- Exercise goal:
Write every line of the material again exactly, with no pictures in the copy.

- Source material:
++++++++

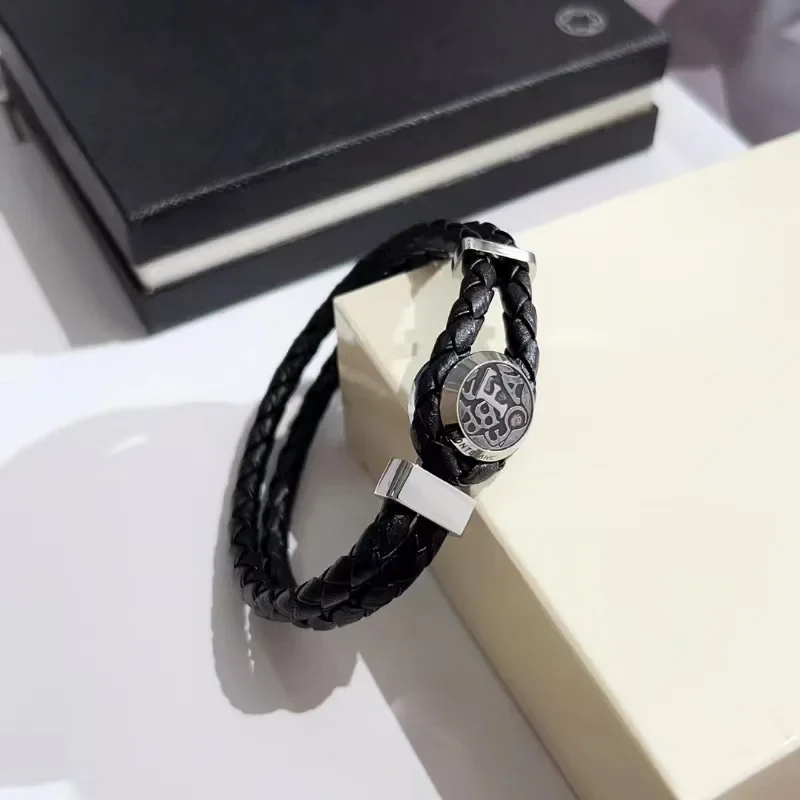 Personalized Wanjia European and American bracelets Titanium steel cross-border leather rope MB bracelet braided stainless steel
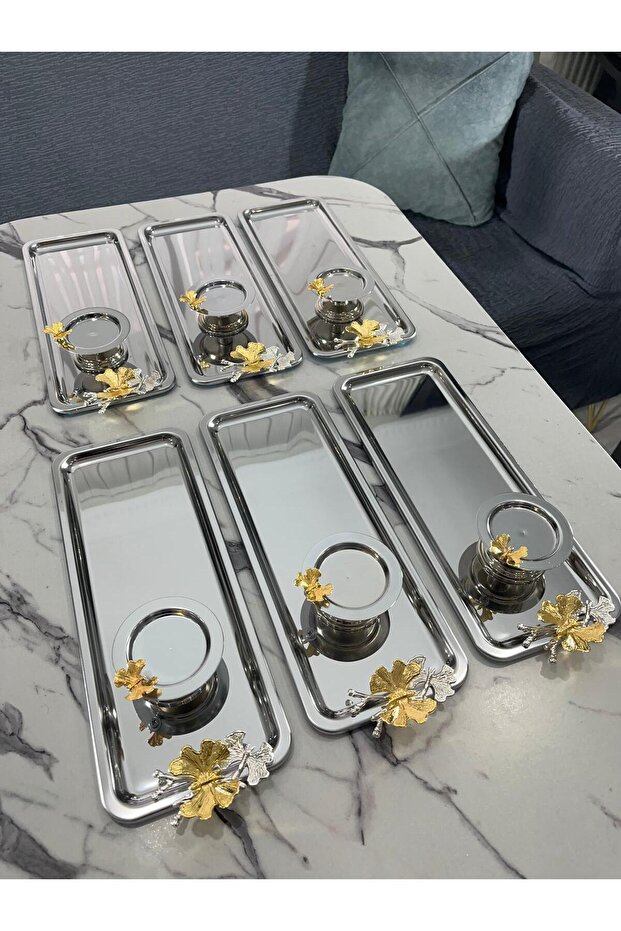 Baton 2 Different Models Silver 6-Piece Steel Serving Tray and Butterfly Macaron Stand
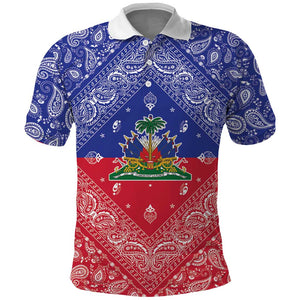 Afro Haiti Paisley Polo Shirt Haitian Flag Bandana Style LT05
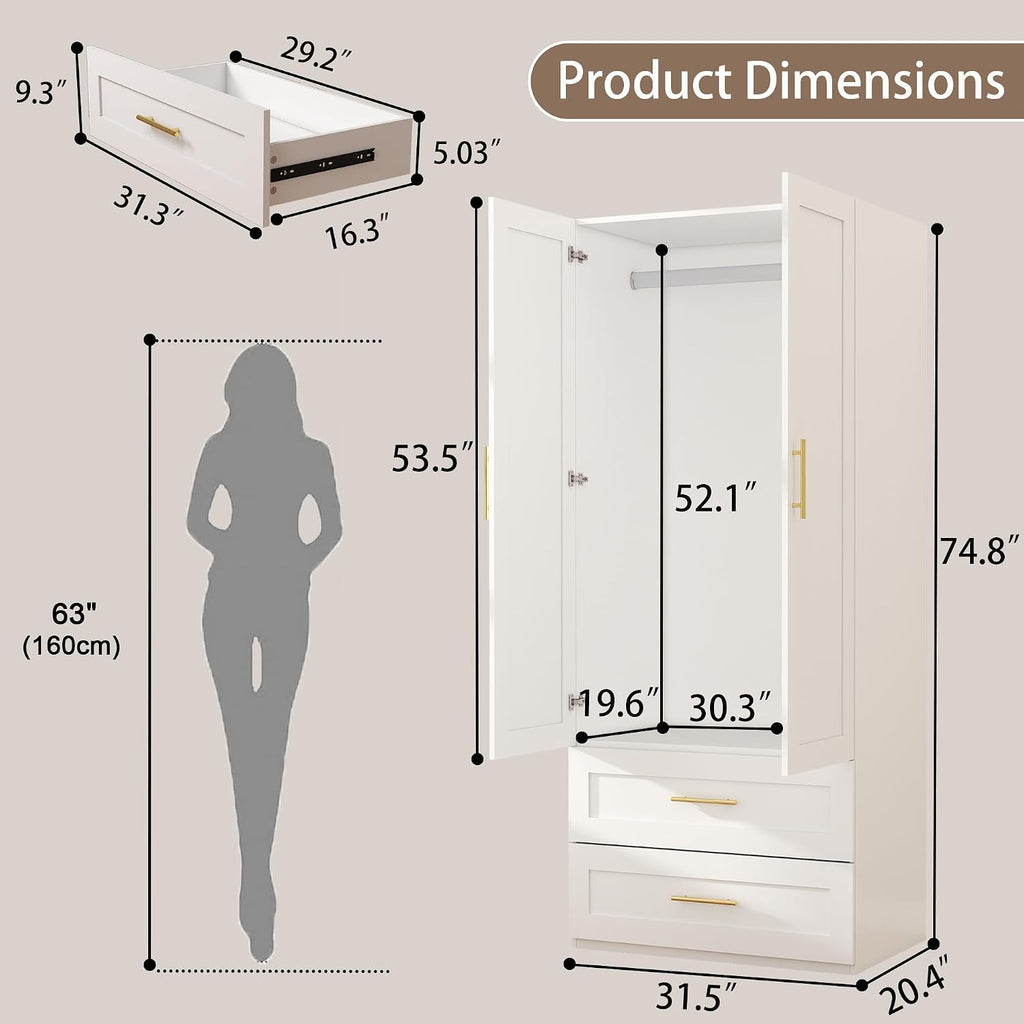 Armoire Wardrobe Closet with Drawers: 75" White Wardrobe Closet with 2 Doors and 2 Drawers, Wood Armoire Closets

++++++++

- Output of the task:
 Personalized Wanjia European and American bracelets Titanium steel cross-border leather rope MB bracelet braided stainless steel
 Baton 2 Different Models Silver 6-Piece Steel Serving Tray and Butterfly Macaron Stand
 Afro Haiti Paisley Polo Shirt Haitian Flag Bandana Style LT05
 Armoire Wardrobe Closet with Drawers: 75" White Wardrobe Closet with 2 Doors and 2 Drawers, Wood Armoire Closets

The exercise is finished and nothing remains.